**Problem:** Would you repeat each of the lines below exactly?

**Dataset content:**
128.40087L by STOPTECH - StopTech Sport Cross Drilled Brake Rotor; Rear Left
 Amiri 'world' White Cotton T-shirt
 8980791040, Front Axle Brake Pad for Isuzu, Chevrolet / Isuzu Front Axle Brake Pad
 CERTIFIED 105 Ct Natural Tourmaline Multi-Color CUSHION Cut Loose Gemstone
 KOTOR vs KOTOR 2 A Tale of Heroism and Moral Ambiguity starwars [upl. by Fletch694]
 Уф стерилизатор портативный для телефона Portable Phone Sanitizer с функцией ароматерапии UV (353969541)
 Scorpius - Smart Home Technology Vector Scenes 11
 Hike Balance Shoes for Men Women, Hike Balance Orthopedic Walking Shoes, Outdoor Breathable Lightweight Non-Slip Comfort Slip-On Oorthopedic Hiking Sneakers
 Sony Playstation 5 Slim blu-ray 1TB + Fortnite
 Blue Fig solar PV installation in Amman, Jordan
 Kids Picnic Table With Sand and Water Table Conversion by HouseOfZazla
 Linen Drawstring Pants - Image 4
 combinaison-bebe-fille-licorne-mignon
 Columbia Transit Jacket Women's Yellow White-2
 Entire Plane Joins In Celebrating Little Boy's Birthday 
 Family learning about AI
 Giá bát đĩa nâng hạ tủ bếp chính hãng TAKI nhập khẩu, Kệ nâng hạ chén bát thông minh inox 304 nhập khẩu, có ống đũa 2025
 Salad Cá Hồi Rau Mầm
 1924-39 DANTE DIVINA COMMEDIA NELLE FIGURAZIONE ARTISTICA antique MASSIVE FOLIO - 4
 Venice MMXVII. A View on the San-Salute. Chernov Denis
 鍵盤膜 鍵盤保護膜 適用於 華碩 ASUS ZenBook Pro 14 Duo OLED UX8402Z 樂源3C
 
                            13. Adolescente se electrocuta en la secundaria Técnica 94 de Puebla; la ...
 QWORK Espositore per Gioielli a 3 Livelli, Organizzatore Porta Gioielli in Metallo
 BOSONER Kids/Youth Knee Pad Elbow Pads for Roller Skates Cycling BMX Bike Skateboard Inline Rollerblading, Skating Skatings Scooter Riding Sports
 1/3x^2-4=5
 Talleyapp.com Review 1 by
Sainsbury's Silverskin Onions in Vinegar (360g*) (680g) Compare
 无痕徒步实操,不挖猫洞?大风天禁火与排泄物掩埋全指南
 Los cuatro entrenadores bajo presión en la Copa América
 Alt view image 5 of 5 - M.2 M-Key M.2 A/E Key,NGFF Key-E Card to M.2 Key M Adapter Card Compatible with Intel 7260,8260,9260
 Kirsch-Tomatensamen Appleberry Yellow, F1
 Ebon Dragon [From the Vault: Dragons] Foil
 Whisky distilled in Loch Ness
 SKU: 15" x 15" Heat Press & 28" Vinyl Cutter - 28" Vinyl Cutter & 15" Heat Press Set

**Result of this exercise:**
128.40087L by STOPTECH - StopTech Sport Cross Drilled Brake Rotor; Rear Left
 Amiri 'world' White Cotton T-shirt
 8980791040, Front Axle Brake Pad for Isuzu, Chevrolet / Isuzu Front Axle Brake Pad
 CERTIFIED 105 Ct Natural Tourmaline Multi-Color CUSHION Cut Loose Gemstone
 KOTOR vs KOTOR 2 A Tale of Heroism and Moral Ambiguity starwars [upl. by Fletch694]
 Уф стерилизатор портативный для телефона Portable Phone Sanitizer с функцией ароматерапии UV (353969541)
 Scorpius - Smart Home Technology Vector Scenes 11
 Hike Balance Shoes for Men Women, Hike Balance Orthopedic Walking Shoes, Outdoor Breathable Lightweight Non-Slip Comfort Slip-On Oorthopedic Hiking Sneakers
 Sony Playstation 5 Slim blu-ray 1TB + Fortnite
 Blue Fig solar PV installation in Amman, Jordan
 Kids Picnic Table With Sand and Water Table Conversion by HouseOfZazla
 Linen Drawstring Pants - Image 4
 combinaison-bebe-fille-licorne-mignon
 Columbia Transit Jacket Women's Yellow White-2
 Entire Plane Joins In Celebrating Little Boy's Birthday 
 Family learning about AI
 Giá bát đĩa nâng hạ tủ bếp chính hãng TAKI nhập khẩu, Kệ nâng hạ chén bát thông minh inox 304 nhập khẩu, có ống đũa 2025
 Salad Cá Hồi Rau Mầm
 1924-39 DANTE DIVINA COMMEDIA NELLE FIGURAZIONE ARTISTICA antique MASSIVE FOLIO - 4
 Venice MMXVII. A View on the San-Salute. Chernov Denis
 鍵盤膜 鍵盤保護膜 適用於 華碩 ASUS ZenBook Pro 14 Duo OLED UX8402Z 樂源3C
 
                            13. Adolescente se electrocuta en la secundaria Técnica 94 de Puebla; la ...
 QWORK Espositore per Gioielli a 3 Livelli, Organizzatore Porta Gioielli in Metallo
 BOSONER Kids/Youth Knee Pad Elbow Pads for Roller Skates Cycling BMX Bike Skateboard Inline Rollerblading, Skating Skatings Scooter Riding Sports
 1/3x^2-4=5
 Talleyapp.com Review 1 by
Sainsbury's Silverskin Onions in Vinegar (360g*) (680g) Compare
 无痕徒步实操,不挖猫洞?大风天禁火与排泄物掩埋全指南
 Los cuatro entrenadores bajo presión en la Copa América
 Alt view image 5 of 5 - M.2 M-Key M.2 A/E Key,NGFF Key-E Card to M.2 Key M Adapter Card Compatible with Intel 7260,8260,9260
 Kirsch-Tomatensamen Appleberry Yellow, F1
 Ebon Dragon [From the Vault: Dragons] Foil
 Whisky distilled in Loch Ness
 SKU: 15" x 15" Heat Press & 28" Vinyl Cutter - 28" Vinyl Cutter & 15" Heat Press Set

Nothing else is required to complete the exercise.